Versions Compared

Key

  • This line was added.
  • This line was removed.
  • Formatting was changed.

...

Akka looks promising and a lot of people are using it. 

A custom solution that does not leverage other projects for clustering could also be implemented, especially if JGroups is used for reliable UDP messaging.

Examination of the options

In this section we'll look at each of the options and see how it might address the requirements.

JGroups

A newer version of JGroups could be modified to fit the requirements, just as is being done with the initial, incubating, version of Geode.

New versions of JGroups use the Apache license so they are compatible with Geode and could replace the old 2.2.9 version.  A new version of JGroups would be a natural fit for replacing the old version.  A number of the changes made to the older JGroups for GemFire, such as out-of-band messaging and out-of-band messages are now available in off-the-shelf JGroups.  The GossipServer service used in the Locator is now, sadly, missing but there is a GossipRouter service that might plug into the Locator instead.  Other problems, such as the membership view being transmitted in a message header instead of the body have also been corrected (allowing for large membership views through body fragmentation).  Message-handling executors have been added and the old up/down thread pattern has been removed.  UUIDs are used for member IDs in preference to InetAddress:port (though these are still used for identifying endpoints associated with UUID identifiers).

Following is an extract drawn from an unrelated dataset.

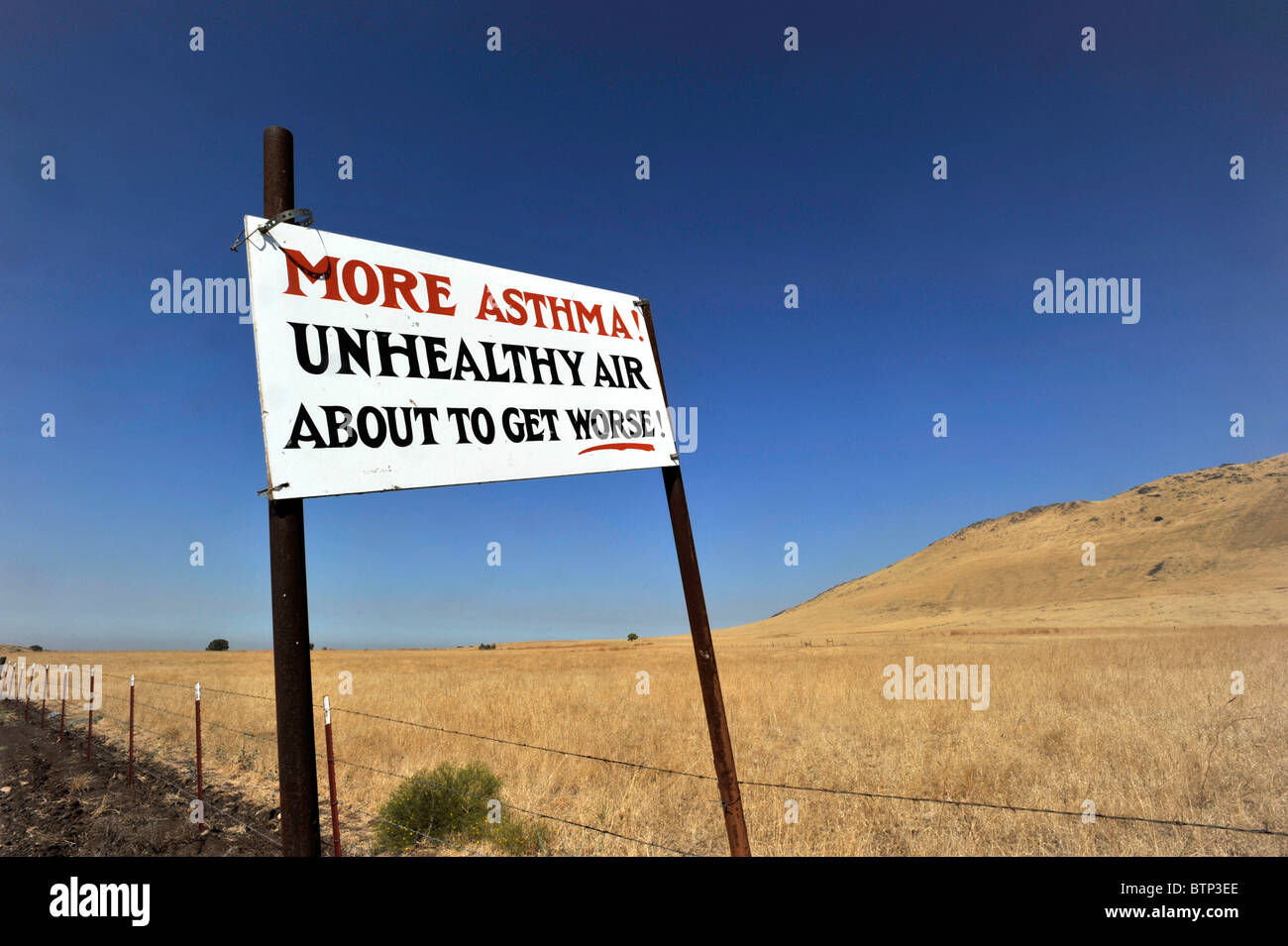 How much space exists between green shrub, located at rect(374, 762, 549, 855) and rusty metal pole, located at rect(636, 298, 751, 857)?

The downside of using JGroups is that we have to fork it in order to insert our failure-detection SLAs, network-partition detection and handling, ability to shut down in all circumstances, etc.  We largely rewrote failure-detection, but the GMS may need a lot fewer changes thanks to improvements made in JGroups over the years like simultaneous handling of joins & leaves.

We would also need to change JGroups to support rolling upgrade.  The old 2.2.9 JGroups code was modified to use versioned serialization streams and include version information so that recipients of messages would know how to deserialize the messages and react to them.

If we continue to use and modify JGroups one other concern to note is that the code we inserted into the old LGPL version of JGroups is probably still covered by LGPL and can’t just be copied into a newer version to cover our needs.  It will need to be written from scratch but can use the same algorithms as the old implementation.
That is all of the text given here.